Otra Luz, Luz Palomares, iluminó la suerte de Maceo a comienzos de la contienda del 95. Tenía ella ya más de 60 años de edad y había sufrido privaciones y cárcel durante toda la Guerra de los Diez Años y vio como los españoles pasaban a cuchillo a sus dos pequeños hermanos. Luz dio cobijo, mientras esperaban hacer contacto con otros rebeldes, al general Antonio, a su hermano José, a Flor Crombet y al resto de los expedicionarios de la goleta Honor luego de desembarcar en Duaba, cerca de su finca, en el extremo oriental de la Isla.

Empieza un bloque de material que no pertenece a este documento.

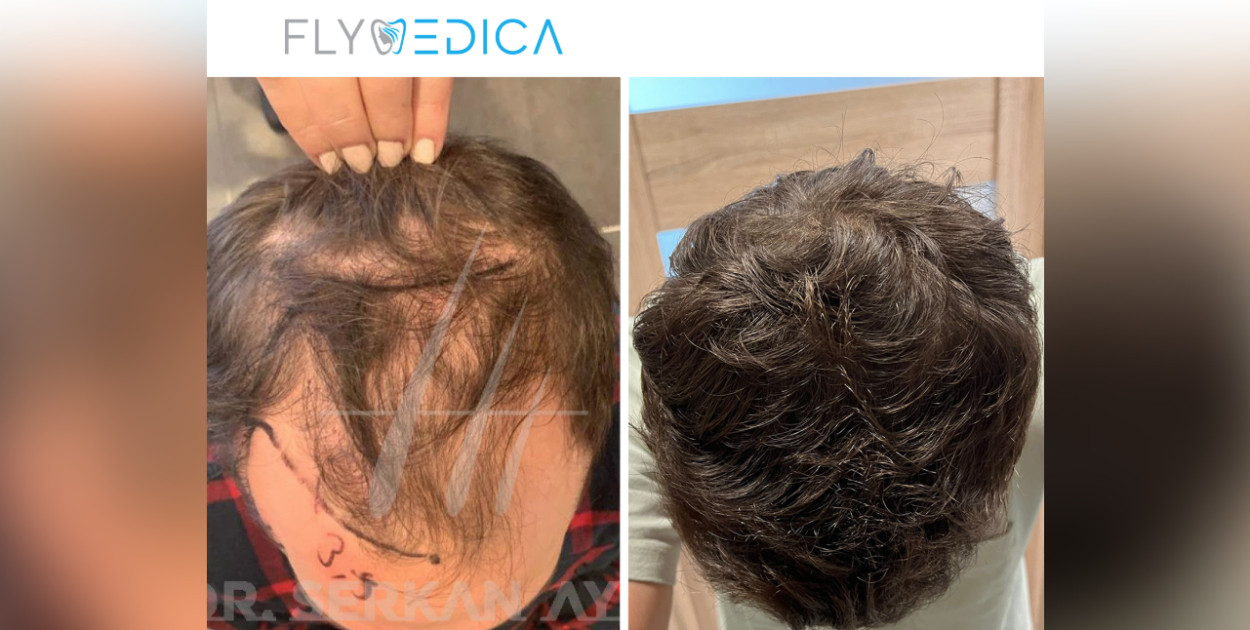 Zakola — Przyczyny, skutki i metody radzenia sobie z problemem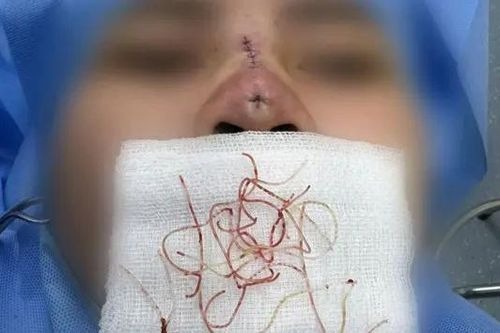 Những biến chứng khó lường khi căng chỉ nâng mũi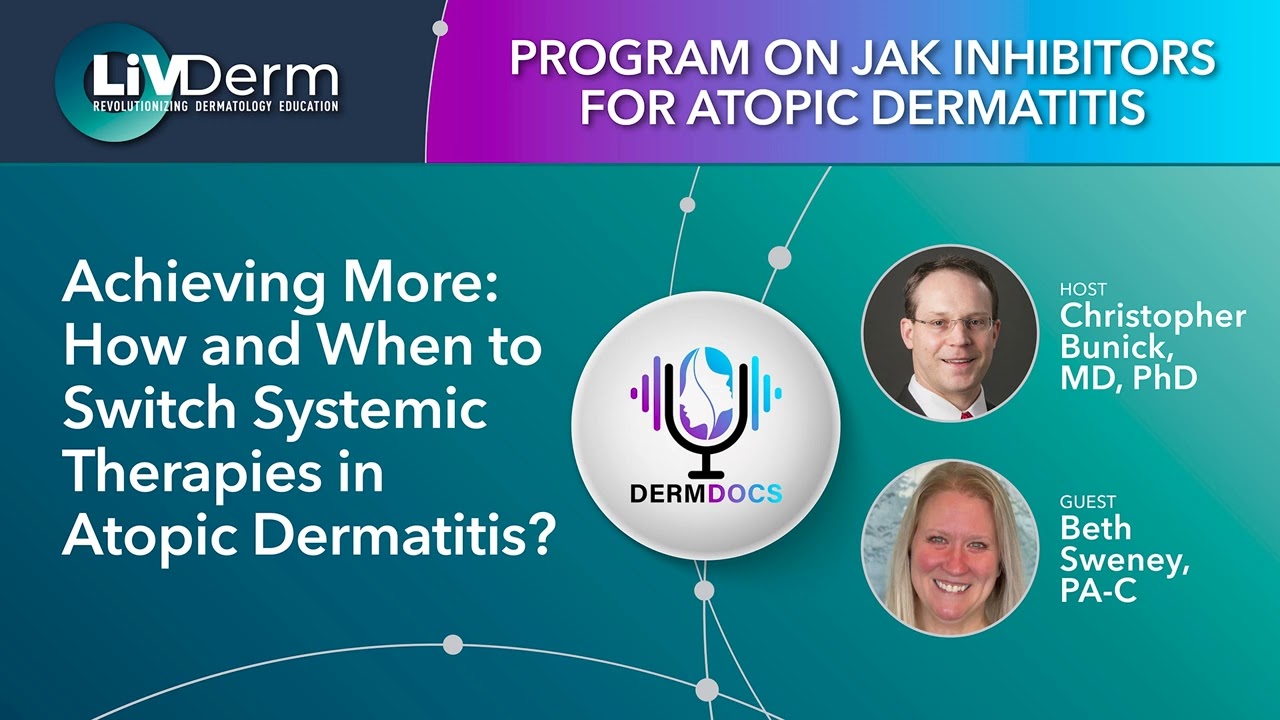 Achieving More: How and When to Switch Systemic Therapies in Atopic Dermatitis?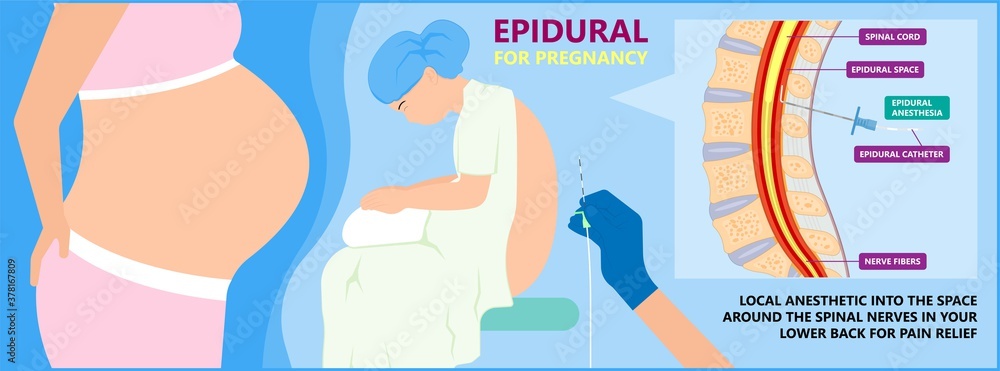 Εκτύπωση καμβά Epidural spinal block anaesthesia Pinched relieve General vaginal medical steroi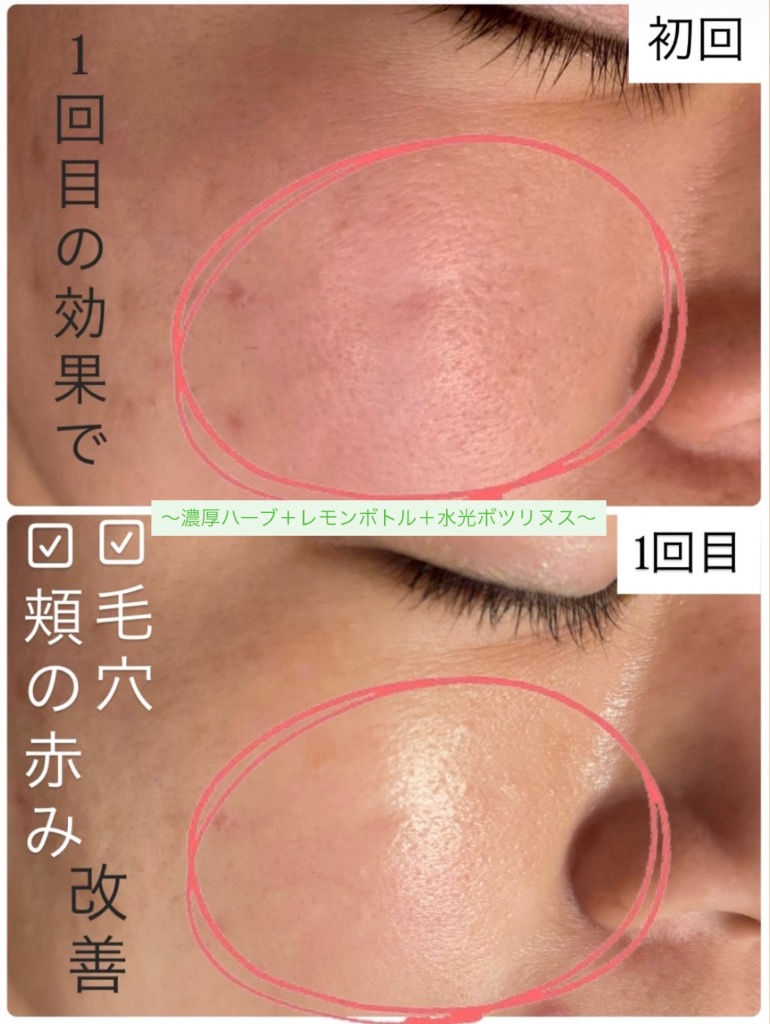 毛穴の開き・頬の赤み改善◎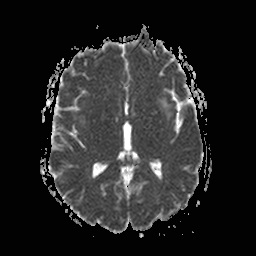 File:Central-variant posterior reversible encephalopathy syndrome (PRES) (Radiopaedia 43880-47358 Axial ADC 11).jpg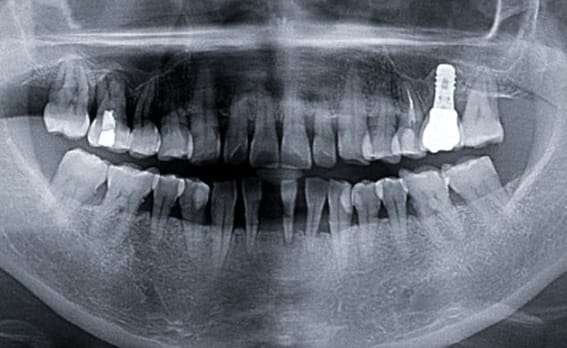 Zhuo Shiyou Implant System Clinical Cases Issue 6 (1).jpg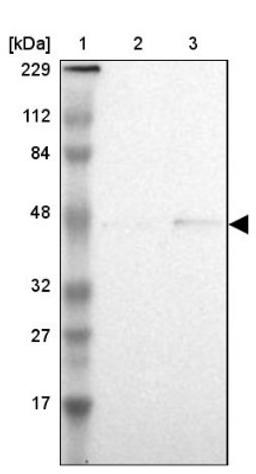 Western Blot: ASB10 Antibody [NBP1-86145] - Lane 1: Marker [kDa] 229, 112, 84, 48, 32, 27, 17<br/>Lane 2: Human cell line RT-4<br/>Lane 3: Human cell line U-251MG sp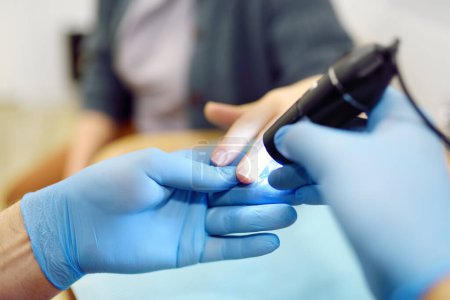 Foto de cerca de la mano del paciente durante una cita con un reumatólogo. El médico examina el lecho de las uñas y los vasos sanguíneos de los dedos de una joven a través de un microscopio. Diagnóstico reumatológico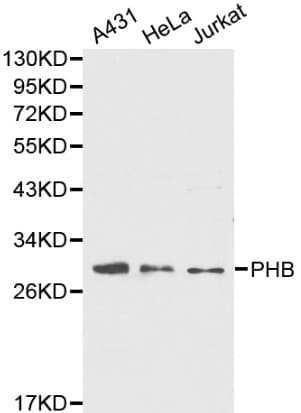 Polyclonal Rabbit anti-Human PHB / Prohibitin Antibody (IHC, WB)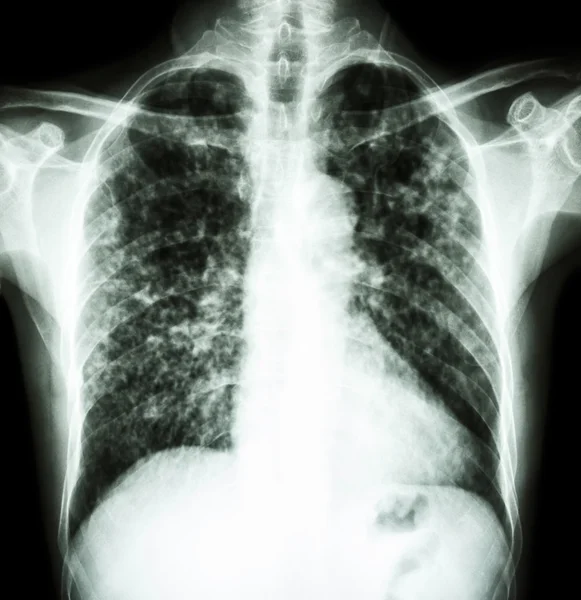 Tuberculose pulmonar — Fotografia de Stock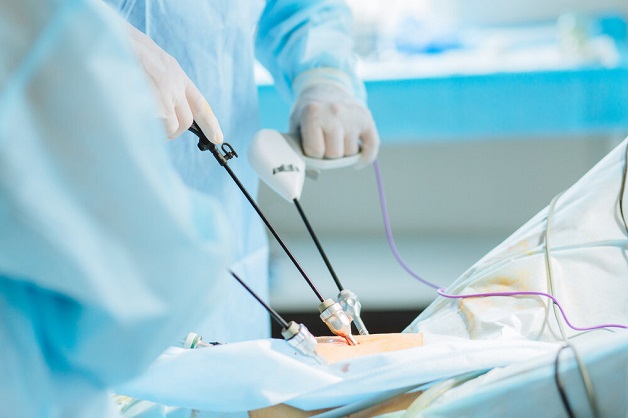Giải đáp tắc ruột có phải mổ không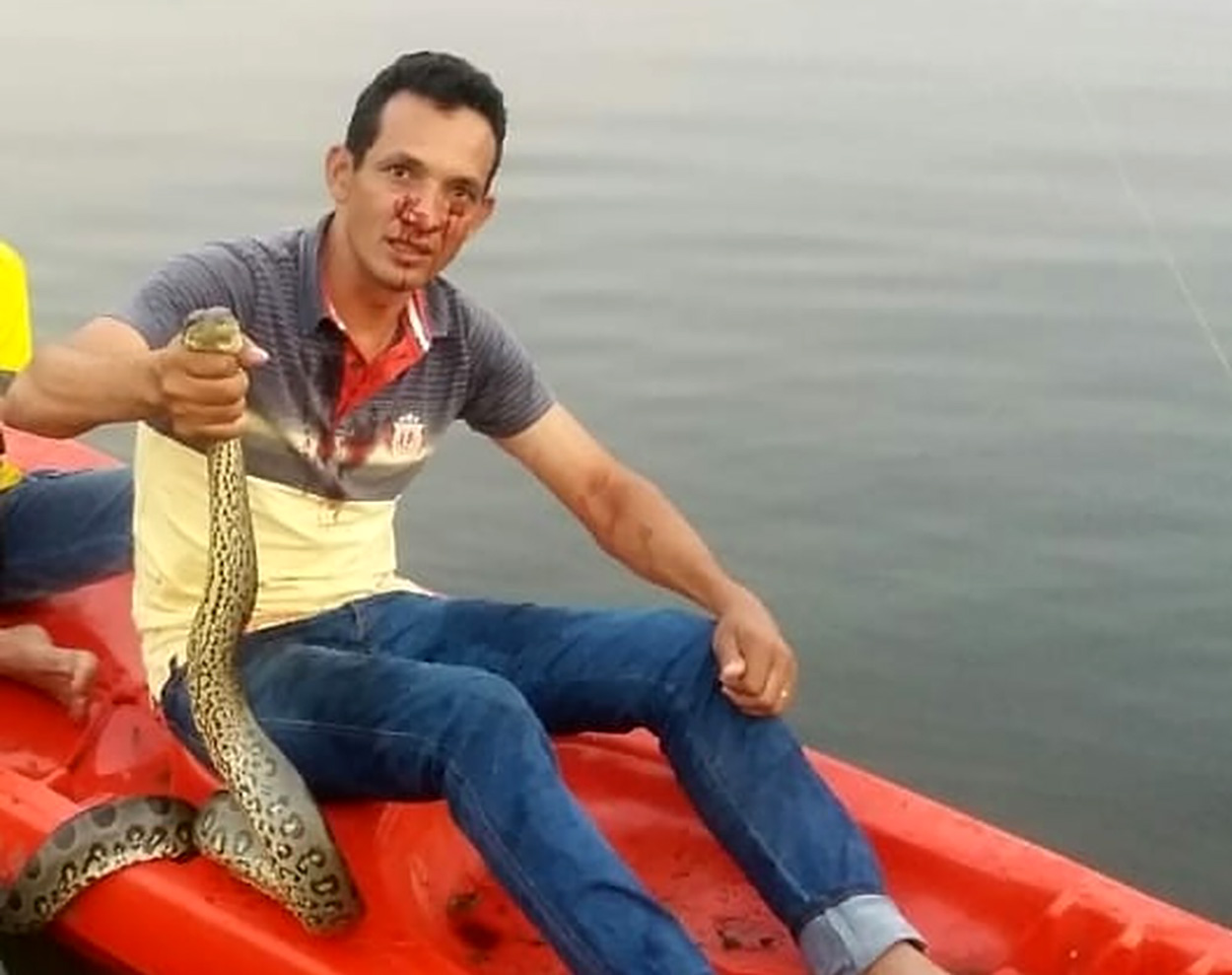 Moises rodrigues atacado por sucuri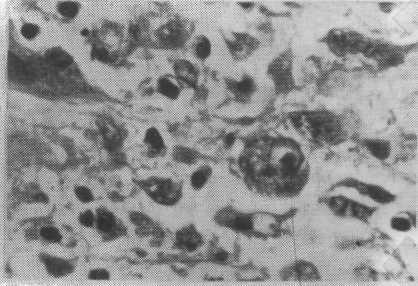 Resim. Çıkarılan kolon kısmının makroskopik görüntüsü (Olgu No: 1) Resim 1 ve 2. CMV pnömosinin radyolojik ve bilgisayarlı tomografideki görüntüsü (Olgu No:) Resim.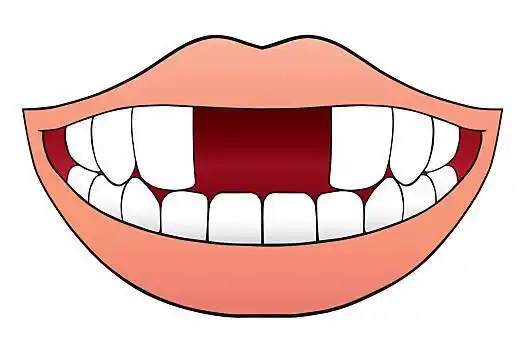 两个,正面,牙齿,卡通,嘴,掉牙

Una veintena de mujeres alcanzaron el grado de capitana en el Ejército Libertador. Muchas más se distinguieron como combatientes, en la línea de fuego o como enfermeras. Su devoción por la causa de Cuba Libre no las hizo vacilar ante las penalidades y los sacrificios. Llega hasta nosotros el relato de sus hazañas y sus nombres o los seudónimos con que se ampararon: La Solitaria, La Abanderada, La Cubanita…
Aquella República instaurada en 1902 no las recompensó como se merecían. Casi todas murieron en el olvido y en la mayor miseria. Luz Palomares debió esperar hasta marzo de 1931, 33 años después de acabada la guerra, para empezar a recibir la pensión de veterana a la que tenía derecho.